Maps allow the visualization of spatial patterns in data across geographical locations.

Example: Displaying shark sightings along a coast.

# Simulating data
set.seed(123)
data_map <- data.frame(lon=rnorm(10, mean=-80, sd=0.6), lat=rnorm(10, mean=25, sd=0.8))

# Maps using ggplot
p_map <- ggplot(data_map, aes(x=lon, y=lat)) +
  borders("world", colour="gray80") +
  geom_point(color="blue", size=3, alpha=0.6) +
  labs(x="Longitude", y="Latitude", title="Shark Sightings") +
  coord_cartesian(xlim=c(-85, -75), ylim=c(22, 28)) +
  theme_minimal()
p_map

L. Ridgeline Plots

Ridgeline Plots enable the visualization of the distribution of a numerical value across several groups.

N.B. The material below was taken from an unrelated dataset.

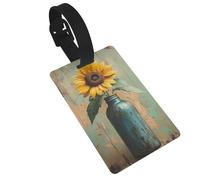Étiquettes pour bouteilles en verre bleu antique tournesol jaune antique pour valise, idéales pour les sacs à dos de voyage, croisière, sac à dos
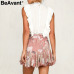 BeAvant Bohemian print summer skirts womens Ruffle pleated floral short boho skirt female High waist chiffon beach mini skirt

Example: Visualizing sea surface temperatures across different years.

# Simulating data
set.seed(123)
data_ridge <- data.frame(year=factor(rep(2000:2004, each=100)), temp=rnorm(500, mean=25, sd=2))

# Ridgeline Plot using ggridges
library(ggridges)
p_ridge <- ggplot(data_ridge, aes(x=temp, y=year, fill=year)) +
  geom_density_ridges() +
  labs(x="Sea Surface Temperature (°C)", y="Year") +
  theme_minimal() +
  scale_fill_viridis_d()
p_ridge

M. Correlograms/ or correlation matrix

Correlograms offer a visual representation of the correlation between different variables in a dataset.

Example: Exploring correlations between different oceanographic variables.

# Simulating data
set.seed(123)
data_corr <- data.frame(temp=rnorm(100, mean=25, sd=2), salinity=rnorm(100, mean=35, sd=0.5),
                        chlorophyll=rnorm(100, mean=2, sd=0.5), oxygen=rnorm(100, mean=5, sd=1))

# Correlogram using corrplot
library(corrplot)
corr_matrix <- cor(data_corr)
p_corr <- corrplot(corr_matrix, method="circle", type="upper", tl.col="black")

N. Bubble Plots

Bubble Plots represent three variables by utilizing the x, y position of points and a third variable represented by size.

Example: Representing biodiversity, sea surface temperature, and fishing intensity at different locations.

# Simulating dataset
set.seed(123)
data_bubble <- data.frame(lon=rnorm(20, mean=-80, sd=1), lat=rnorm(20, mean=25, sd=1), 
                          biodiversity=rnorm(20, mean=100, sd=15))

# Bubble Plot using ggplot
p_bubble <- ggplot(data_bubble, aes(x=lon, y=lat, size=biodiversity)) +
  geom_point(alpha=0.6, color="blue") +
  labs(x="Longitude", y="Latitude", size="Biodiversity Index") +
  coord_fixed(ratio=1.3) +
  theme_minimal()
p_bubble

O. Stacked Area Plots

Stacked Area Plots illustrate the values of different groups on top of each other, showcasing the evolution of the total value as well as the part each group represents.

Example: Observing the catch of different fish species over time.

# Simulating data
set.seed(123)
data_area <- data.frame(year=rep(2000:2010, each=3), 
                        species=rep(c("Sardine", "Tuna", "Salmon"), times=11),
                        catch=rnorm(33, mean=1000, sd=200))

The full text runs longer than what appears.